* **Exercise goal**
Only text lines belong in the answer: the lines from the first one in the records through the line with "Girl's Pink gymnastics", copied exactly.
------ Records supplied
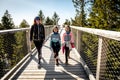 Family people walking wooden treetop bridge canopy walkway in winter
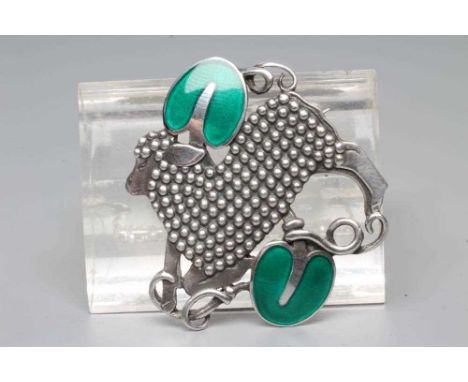 A GEORG JENSEN SILVER BROOCH designed by Arno Malinowski, cast as a lamb with beaded fleece and two green enamelled large sty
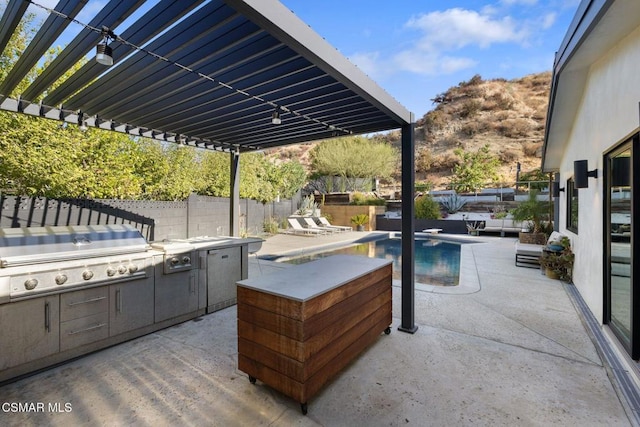 view of patio / terrace with area for grilling and a fenced in pool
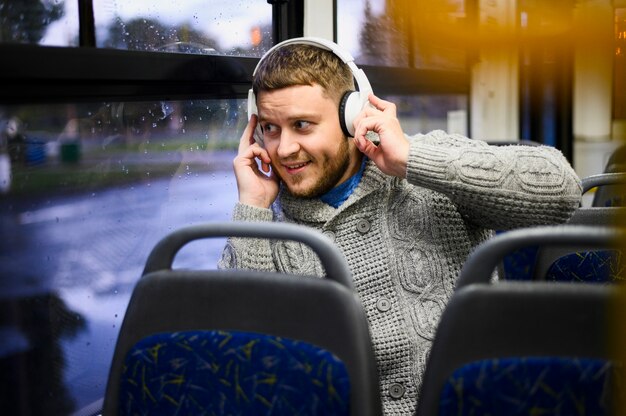 Junger Mann mit Kopfhörern auf dem Sitz des Busses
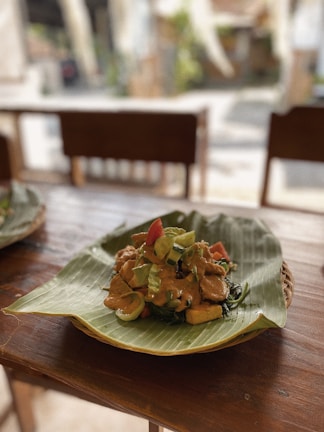 A dish arranged on a banana leaf placed over a wooden table. The meal consists of vegetables and pieces of tofu or tempeh topped with a rich-looking sauce. The setting appears to be a casual dining area with wooden chairs in the background.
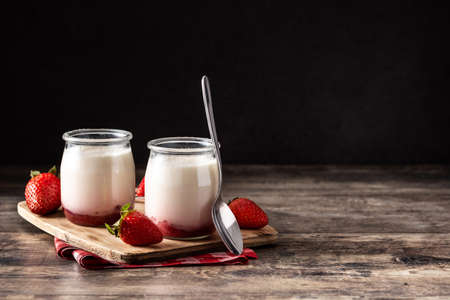 Panna cotta dessert with strawberry on wooden tableの写真素材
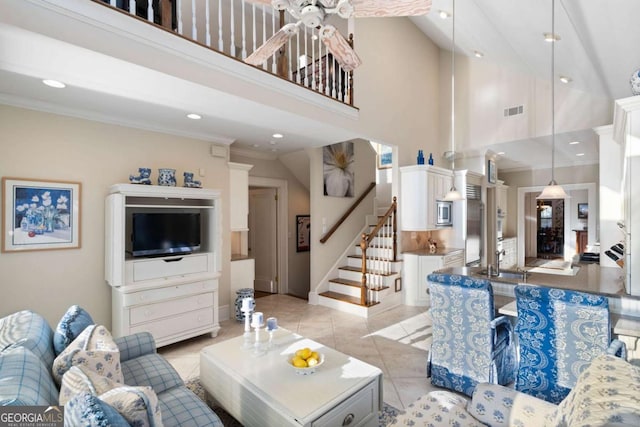 living room with a towering ceiling, ornamental molding, ceiling fan, sink, and light tile patterned floors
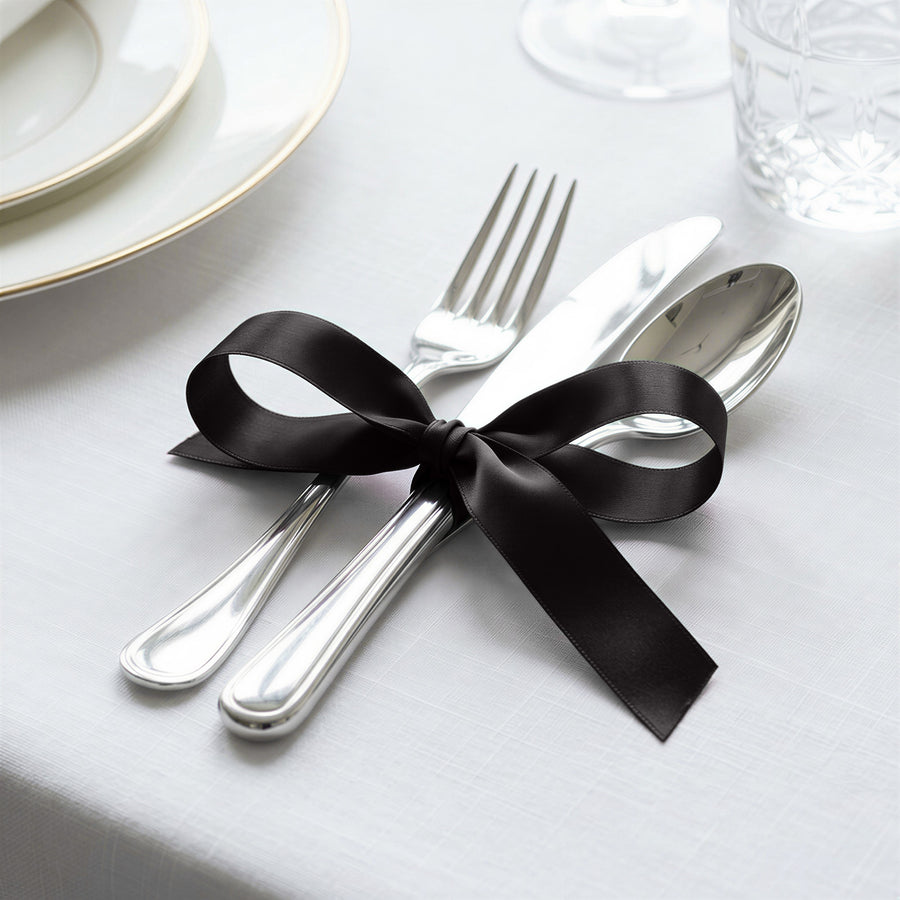 Elegant table setting with black ribbon tied around silver cutlery and utensils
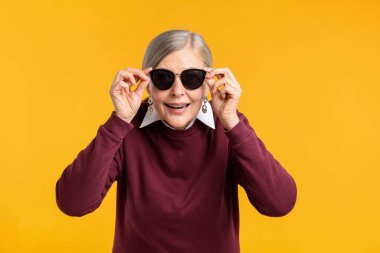 Turuncu arka planda şık giyinmiş mutlu bir son sınıf kadını.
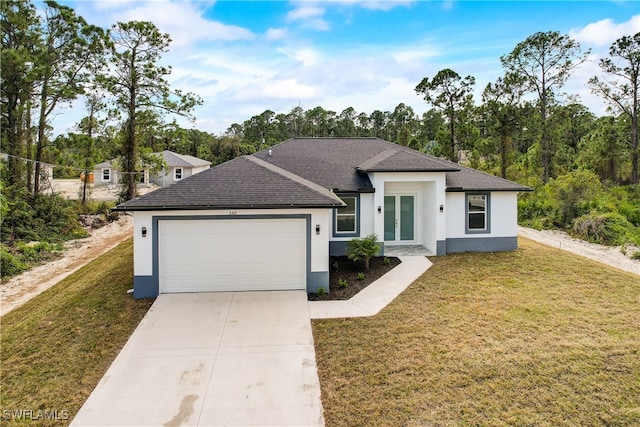 view of front of house featuring a front yard and a garage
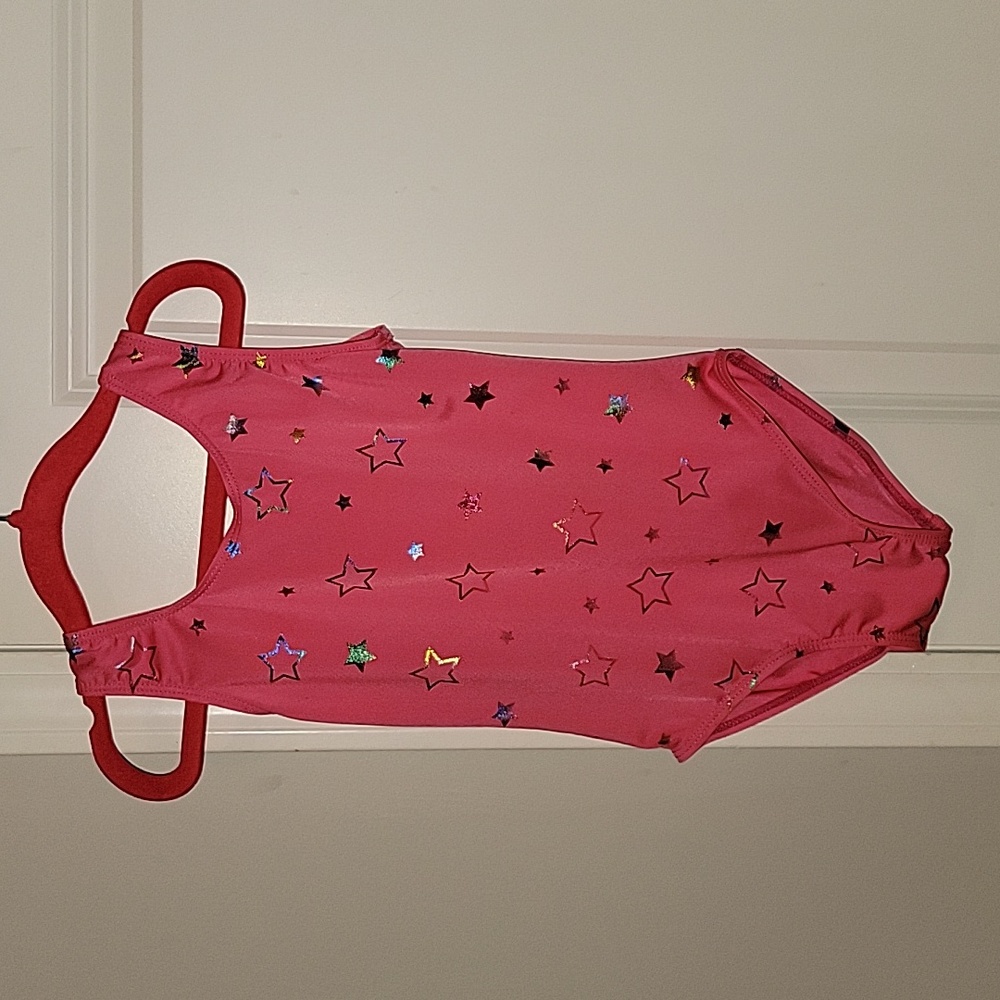 Girl's Pink gymnastics leotard with stars, size 4/5
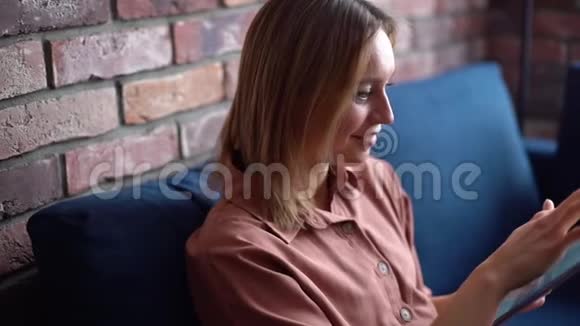 年轻快乐的女人用数字平板电脑坐在客厅舒适的沙发上视频的预览图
------------
* **Expected output**
 Family people walking wooden treetop bridge canopy walkway in winter
 A GEORG JENSEN SILVER BROOCH designed by Arno Malinowski, cast as a lamb with beaded fleece and two green enamelled large sty
 view of patio / terrace with area for grilling and a fenced in pool
 Junger Mann mit Kopfhörern auf dem Sitz des Busses
 A dish arranged on a banana leaf placed over a wooden table. The meal consists of vegetables and pieces of tofu or tempeh topped with a rich-looking sauce. The setting appears to be a casual dining area with wooden chairs in the background.
 Panna cotta dessert with strawberry on wooden tableの写真素材
 living room with a towering ceiling, ornamental molding, ceiling fan, sink, and light tile patterned floors
 Elegant table setting with black ribbon tied around silver cutlery and utensils
 Turuncu arka planda şık giyinmiş mutlu bir son sınıf kadını.
 view of front of house featuring a front yard and a garage
 Girl's Pink gymnastics leotard with stars, size 4/5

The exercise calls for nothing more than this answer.